Sometimes well-meaning adults try to keep the padding in place anyway, only to make things harder for the child. "Grandpa is sleeping," that classic dodge, can leave a kid terrified of going to bed and never waking up. Going vague — "He went away," "He's with God/the angels" — can set active imaginations running without a map. Anchor faith with facts. Information can scare children, sure, but so can the absence of it.
And as soon as kids can form them, they'll start asking questions: why, how, where, will it happen to me/to you/to Fluffy/to my toys?

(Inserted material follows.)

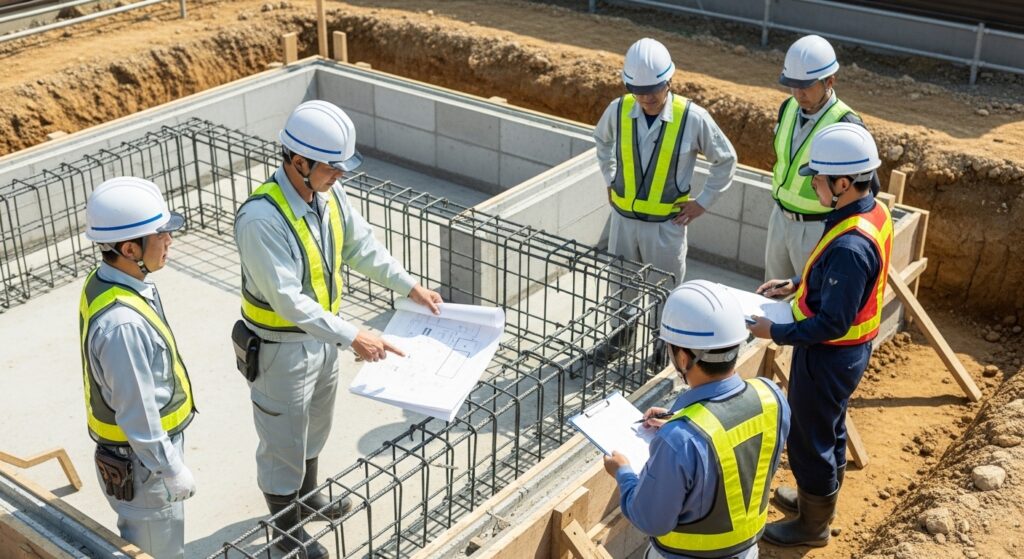 築古建築の基礎補強はまず専門家による劣化・不同沈下の診断を行いその結果に応じてひび割れ補修から基礎の増し打ち・巻き立て・地盤補強と段階的に選ぶことが重要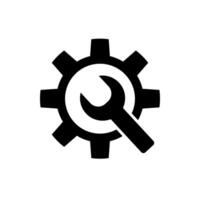 Setting icon on white background. vector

Answering children's questions with simple truths allows them to learn big concepts in small bits, which they can process at their own pace: "All living things stop working after a while," "It's sad, but it's also part of nature," "Most people live a very long time." (Lifetimes, by Bryan Mellonie and Robert Ingpen, is a good primer for parent and child.)
The questions themselves — which reflect where kids are developmentally — set that pace.
Factual answers to a child's questions, meanwhile, sow trust, as kids learn to connect honest questions with honest (if judiciously abridged) answers. There's no "You told me X and now I see it's Y" ambush lurking ahead.
Your husband says you're too emotional, but, if anything, he's the spokesman for emotion (fear), and you're advocating for facts.
Since you and he differ over theories, try working toward compromise with a practical exercise in applying your beliefs:
Someday, your child will hear your sister's name and ask who that is. What will you/he say?
Someday, your child will see you cry about your sister and ask why you're crying. What will you/he say?
Someday, your child will want to go with Mom to the cemetery — what will you/he say?
When children see a parent cry at a gravesite, they don't just witness grief. They also witness a parent managing grief, by remembering someone, expressing emotion, going home and carrying on with life. I doubt your husband means to protect them from profound lessons like that.